[Dataset entries]
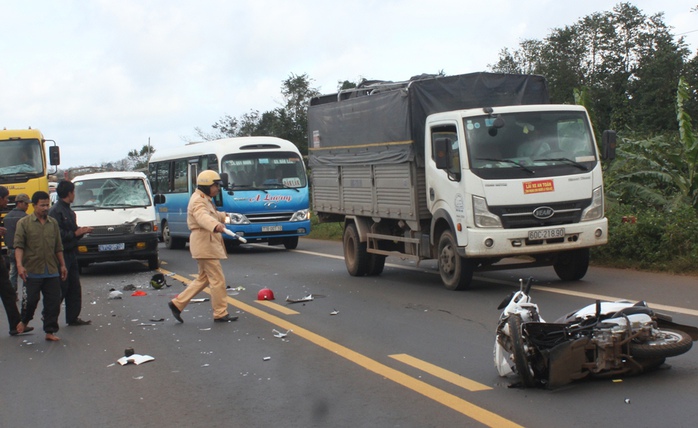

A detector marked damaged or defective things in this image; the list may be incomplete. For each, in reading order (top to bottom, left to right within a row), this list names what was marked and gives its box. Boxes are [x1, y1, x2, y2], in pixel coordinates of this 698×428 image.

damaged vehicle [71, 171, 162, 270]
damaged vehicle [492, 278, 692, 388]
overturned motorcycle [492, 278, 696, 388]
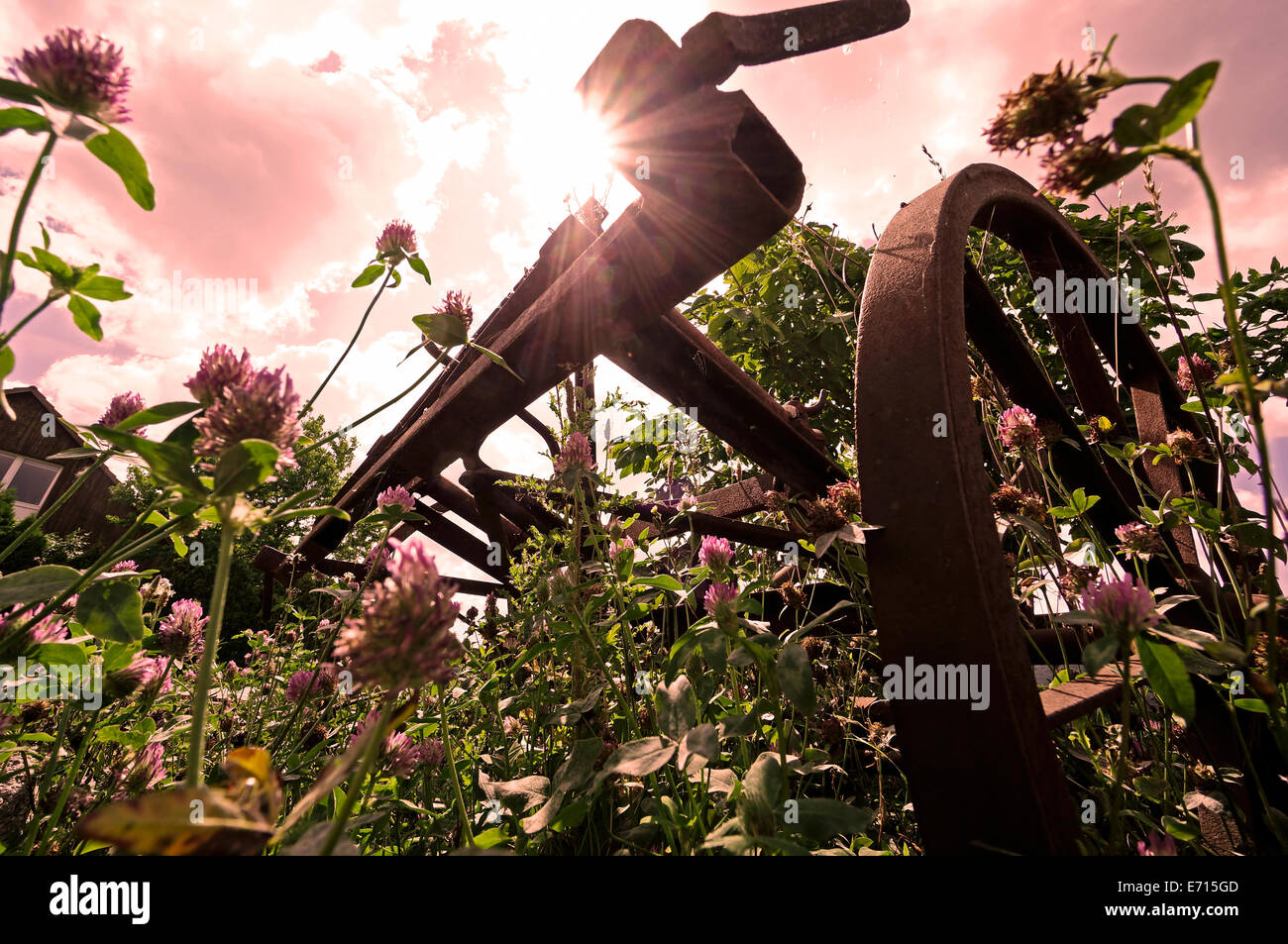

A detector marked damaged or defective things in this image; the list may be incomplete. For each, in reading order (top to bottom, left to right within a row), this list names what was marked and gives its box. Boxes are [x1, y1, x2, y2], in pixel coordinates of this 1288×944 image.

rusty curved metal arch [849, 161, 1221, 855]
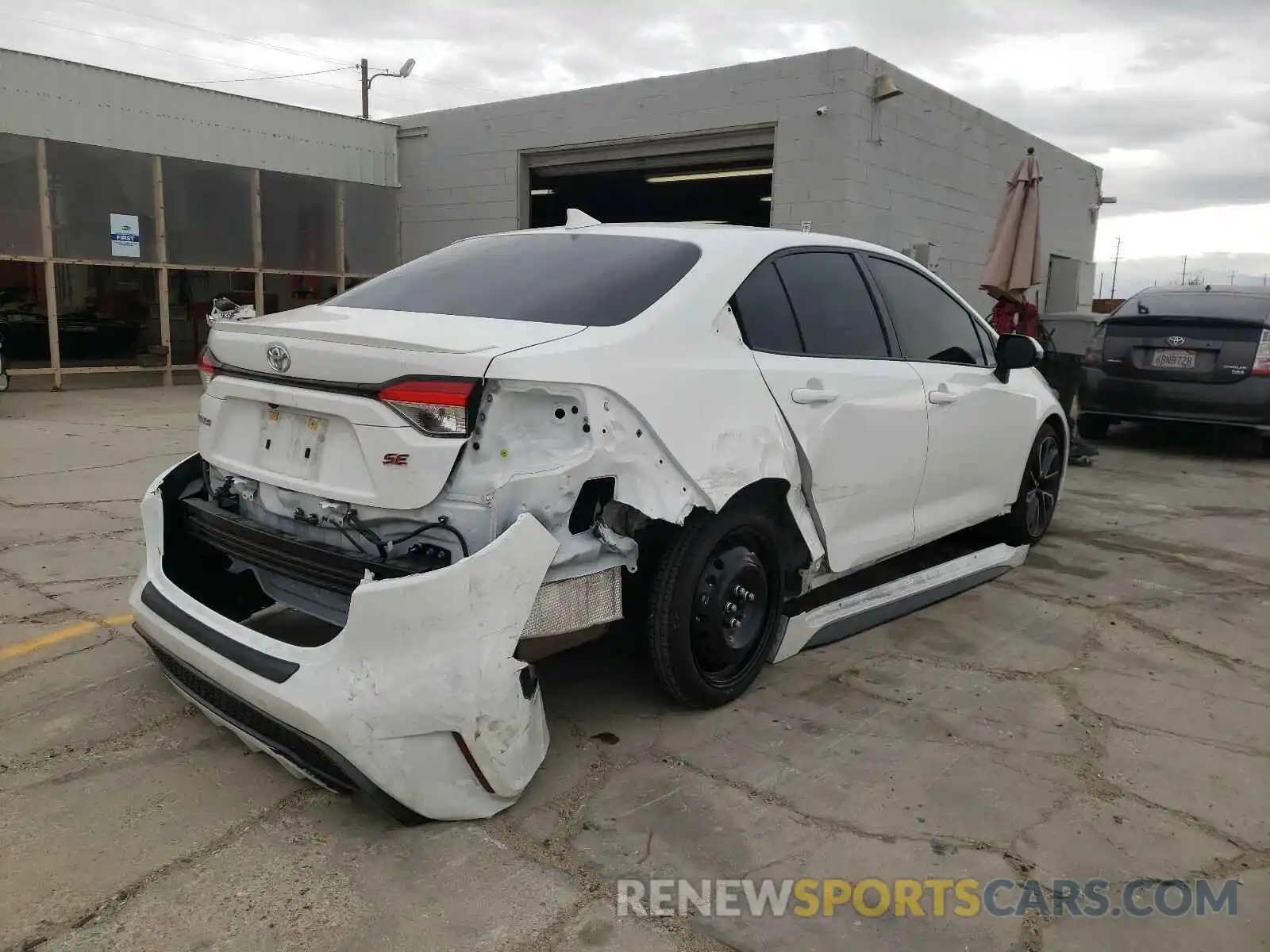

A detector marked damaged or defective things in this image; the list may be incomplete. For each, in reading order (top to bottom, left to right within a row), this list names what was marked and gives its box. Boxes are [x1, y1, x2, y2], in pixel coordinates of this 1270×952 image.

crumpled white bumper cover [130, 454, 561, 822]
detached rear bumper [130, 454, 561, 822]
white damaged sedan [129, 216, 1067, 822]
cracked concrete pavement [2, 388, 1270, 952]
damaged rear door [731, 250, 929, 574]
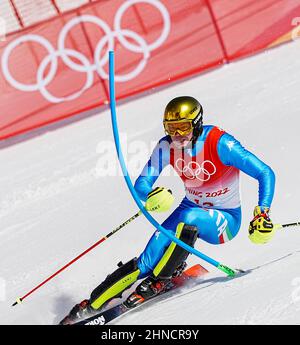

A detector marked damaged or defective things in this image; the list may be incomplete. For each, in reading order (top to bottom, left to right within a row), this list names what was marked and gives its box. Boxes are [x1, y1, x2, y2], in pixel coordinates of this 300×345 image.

(What is required):
Print every record exactly, without the pictures.

(Output below):
A detector marked damaged or defective things in this image; the list may be incomplete. For each, in reading order (top to bottom, left to right within a row), this list names what was marked and gives its box. Boxes are [x1, y1, x2, y2], in pixel coordinates of this 698×428 image.

damaged vehicle [71, 171, 162, 270]
damaged vehicle [492, 278, 692, 388]
overturned motorcycle [492, 278, 696, 388]

A detector marked damaged or defective things in this image; the list may be incomplete. For each, in reading order (top to bottom, left to right within a row), this list names what was marked and gives its box. Boxes are [x1, y1, x2, y2], in pixel coordinates of this 1288×944 image.

rusty curved metal arch [849, 161, 1221, 855]

A detector marked damaged or defective things in this image; the list may be incomplete. For each, in reading order (top to bottom, left to right within a row), this list names what was marked and gives its box. Boxes are [x1, y1, x2, y2], in pixel coordinates of this 1270×952 image.

crumpled white bumper cover [130, 454, 561, 822]
detached rear bumper [130, 454, 561, 822]
white damaged sedan [129, 216, 1067, 822]
cracked concrete pavement [2, 388, 1270, 952]
damaged rear door [731, 250, 929, 574]

A detector marked damaged or defective things in this image; the list may be incomplete. For each, in reading order (top to bottom, left to right within a row), this list names what was marked and gives its box. Boxes are [x1, y1, x2, y2], in pixel coordinates of this 300×345 image.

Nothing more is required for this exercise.